Go through the listing below, and from the line containing "Foligain Triple Action" through its last line, transcribe every line exactly, skipping pictures.

STUDY MATERIAL:
::::

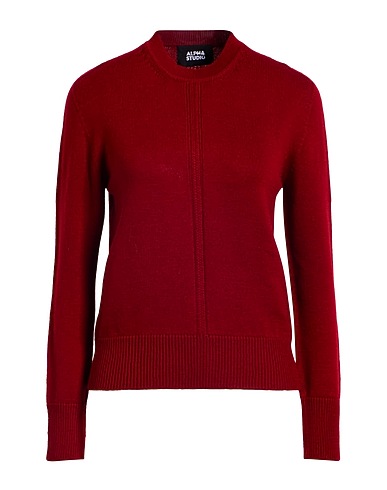ALPHA STUDIO Pullover Bordeaux 100% Lana Merino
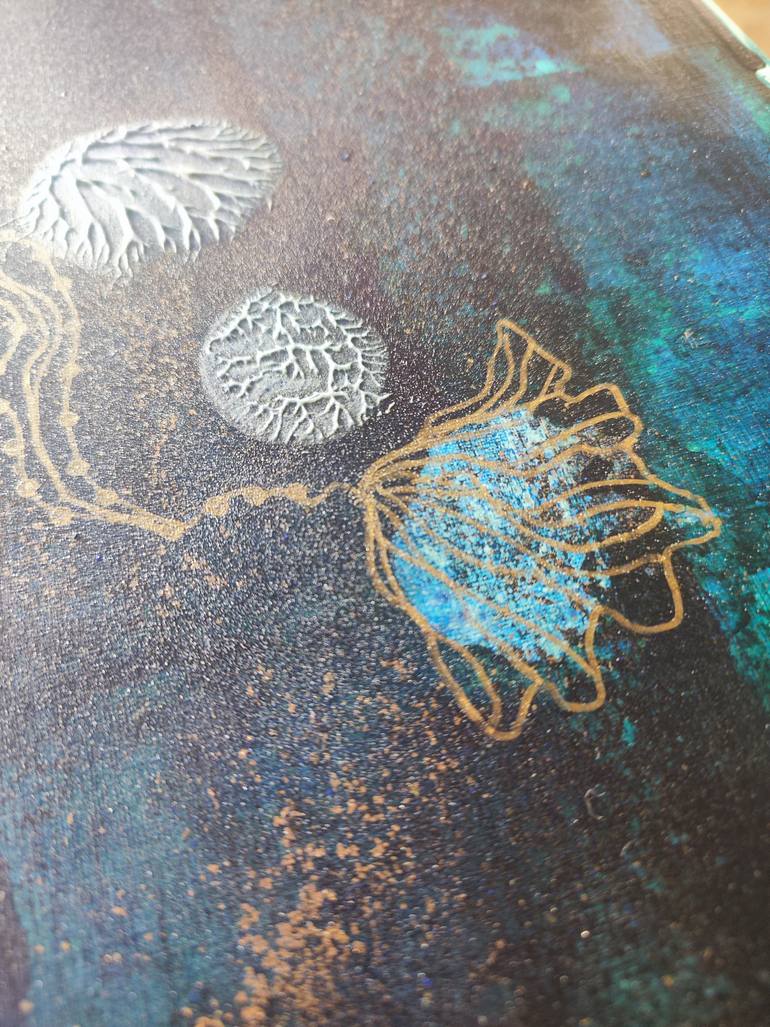 Original Abstract Nature Painting by Marijah Bac Cam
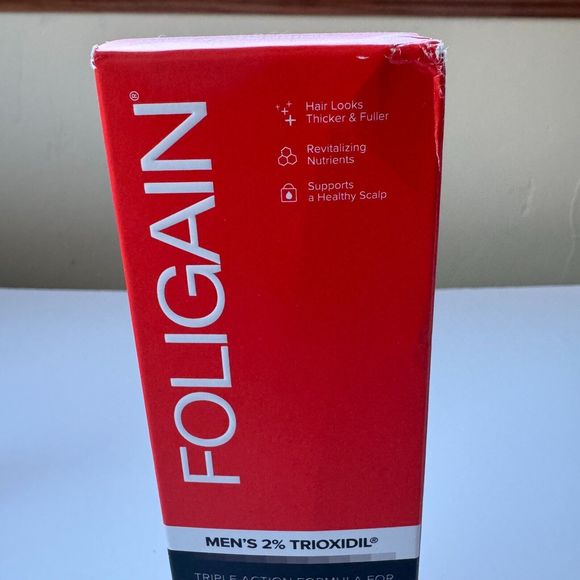 Foligain Triple Action Shampoo For Thinning Hair, Men S Volumizing Shampoo - Picture 3 of 11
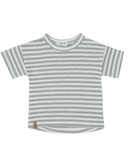 +1 in the family "Saus" Short Sleeve Tee in Iceberg Stripes - +1 in the family - Shirt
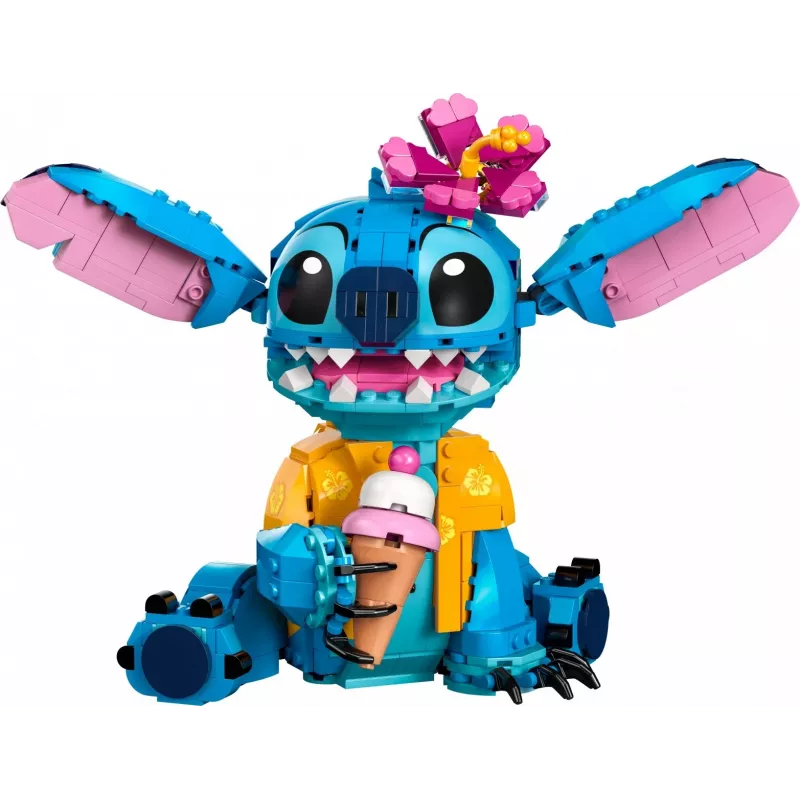 LEGO | Disney Stitch Buildable Kids’ Toy Playset with Ice-Cream Cone 43249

::::

YOUR RESPONSE:
 Foligain Triple Action Shampoo For Thinning Hair, Men S Volumizing Shampoo - Picture 3 of 11
 +1 in the family "Saus" Short Sleeve Tee in Iceberg Stripes - +1 in the family - Shirt
 LEGO | Disney Stitch Buildable Kids’ Toy Playset with Ice-Cream Cone 43249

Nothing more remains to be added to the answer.